Compiled and edited by Dr Robert Childs
Prima Vista Musikk
193 pages
Price: £14.99 (plus postage & package)
Go to: www.4barsrest.com/shopping/books_detail.asp
Perhaps an alternative musical title for this 125th anniversary history of Cory Band should have been ‘Labour & Love’.
Dr Robert Childs has laboured like an old Welsh collier to unearth the raw material to fill 193 pages and 16 chapters of a book that are permeated by an unmistakable deep seated love for its subject.
Detail
Rather like one of the many memorable performances the MD has directed with the band over the past decade, it is packed with forensic detail.
However, far from weighing down the chronological storyline with unnecessary historical padding, instead it reveals the alchemist mix of passion, determination and in many cases, down right stubborn single mindedness that has made Cory into one of the UKs truly great brass bands.
The highlights of that remarkable history are well recorded; from the emergence as a non descript village band to becoming a respected domestic force and finally a revered national one under the direction of the likes of Walter Hargreaves, TJ Powell, Arthur Kenney, Denzil Stephens and Robert Childs himself.
Pioneers
However, the author has also generously taken the time to emphasis the importance of ‘lesser’ lights – the early pioneers such as JB Dobbing and the Trotman family, the mercurial talents of the colourful John Harrison and impish Bram Gay, and the short but important tenures of the likes of Brian Howard and Jeremy Wise.
Throughout its history Cory has enjoyed both good and bad fortune: financial generosity that others can only dream of balanced by domestic disasters that would have broken many a lesser band.
Eye watering
Sponsorship deals and naming rights from the Cory family, and more latterly the owners of Buy As You View (an eye watering three year deal worth £350,000) has given them a financial deposit box that has been utilised to secure some of the finest brass band talent in the world – from the MDs to the players themselves.

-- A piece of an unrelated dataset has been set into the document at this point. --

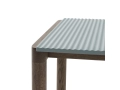 Couple-coffee-table-40x84x40-wavy-pale-blue-dark-oiled-oak-detail1-Muuto-hi-res_(150).jpg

The excellent contest result appendix shows just how successful those recruitment drives have been: multiple European, British Open and National Championships, an unprecedented strike rate at the Welsh ‘Area’ and domestic contests; titles great and small – from a World Championship to Pontins, Yeovil to Brass in Concert.
Flip side
The flip side has seen them battle through extended periods of struggle; the uneven years of the 1950’s and 1960’s; the bandroom fire of 1990, which destroyed over 5000 sets of music and priceless mementos, some dating back to the bands earliest days; the following fallow period, when both their long held domestic supremacy as well as their British Open status was lost; the deaths of TJ Powell, whilst conducting the band, and sad decline of the once masterful Major Kenney.
Not everything has been titles and triumphs; the band itself, whilst greatly admired amongst its brethren in the Principality has always attracted a degree of grumbling resentment too: Success has come at a price.
Golden era
The last ten years has been Cory’s undoubted ‘Golden Era’ – helped in no small part by the drive and determination of its current MD, Dr Robert Childs. If ever you wish to know how to succeed in banding then there is an invaluable personal blueprint to follow in Chapter 12!
Today, the band stands as a monument to its founding fathers – and this celebratory book has done them proud too.